From Where I Sit – Observation 2

This is a series of musings from my big leather (really broken-in – to the point of broken-down) chair.



  • Excellence is only achieved by the passionate. No one achieves excellence in any field without being passionate about it. I think that we have assumed that being passionate was a sort of intrinsic desire that people have about one specific thing in their life (i.e. Paul McCartney with music, Leonardo DaVinci with art), and that they would have never achieved greatness without finding that one thing that stirred their passion. On the other hand, what if these artists were, by nature, passionate people and would have excelled in another area had their opportunities been different? The key to excellence is surely passion – and here’s another observation: the key to building an audience is passion. People will follow passion… even misguided passion, such as that of Adolph Hitler. Perhaps we should strive to be passionate people rather than trying to find something that fires our passions. It might seem like a subtle difference, but it could make all the difference. It would help us live out the mantra, carpe diem. This phrase is commonly translated as “seize the day,” however, a more accurate translation is “pluck the day,” as in picking fruit while it is ripe. It is actually part of a longer quote from the poet Horace, which is: carpe diem, quam minimum credula postero (Pluck the day, trusting as little as possible in the future). In other words, go for it today, there is no guarantee of tomorrow (my translation). What if we lived each day as if it might be our last? How would you live differently?

It is important that we recognize the responsibility that comes with this approach. Since people are attracted to (and will follow) passion, it is important that we direct our passions toward worthy causes. That should be a given. Still… imagine living a life in which you attacked each new day with passion and drive to do something significant, something artistic… something great! Sure beats “living for the weekend,” huh?

From Where I Sit – Observation 1

This is a series of musings from my big leather (really broken-in – to the point of broken-down) chair.
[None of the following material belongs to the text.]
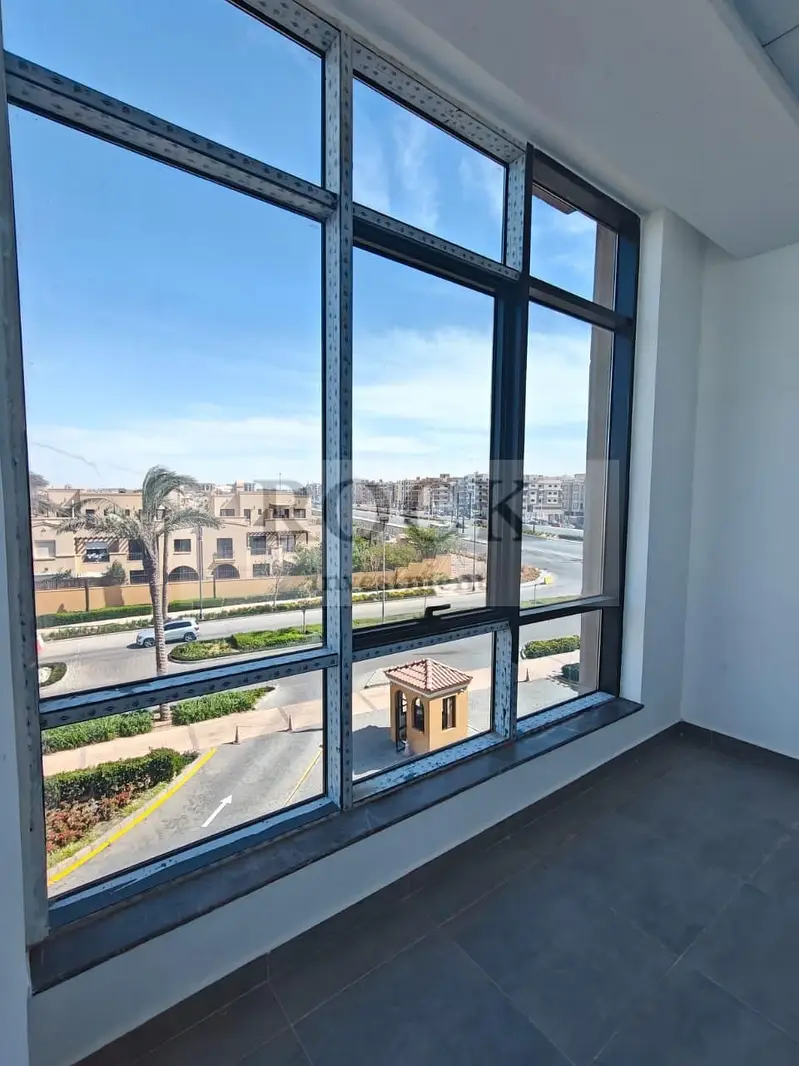 Shop for rent in Mivida, 5th Settlement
  • Excellence will make a place for itself. While there is much consternation about the direction things are going in today’s economy and employment situation, I believe that, in some ways, we are moving into the most pure form of a free market society we have ever experienced. I recently read about the bleak outlook for teachers as online learning began to broaden in frequency and scope. The article I was reading talked about a future where school students would watch a teacher, who was recognized for his or her excellence on a specific subject, teach a class on a video monitor or computer screen. This would lessen the demand for teachers by only requiring someone to monitor the classroom, not requiring any particular knowledge in the specific subject being taught. This is a frightening prospect for tenured teachers, who could suddenly find themselves out of work. On the other hand, it would be a marked improvement for the students who would now hear one of the best teachers in the nation in each subject being taught, on a daily basis. While the job pool is becoming smaller, due in part to technological advances and automation, the rewards for being transcendent are higher than ever because of the greater access to large audiences via internet and mass media. While an excellent teacher, musician, or artist that lived in a rural area had limited access to any measurable fan base or market share in the past, now any great performance has the potential to “go viral,” thereby reaching a massive audience. It makes the true artists in any field more accessible… and indispensable than ever before.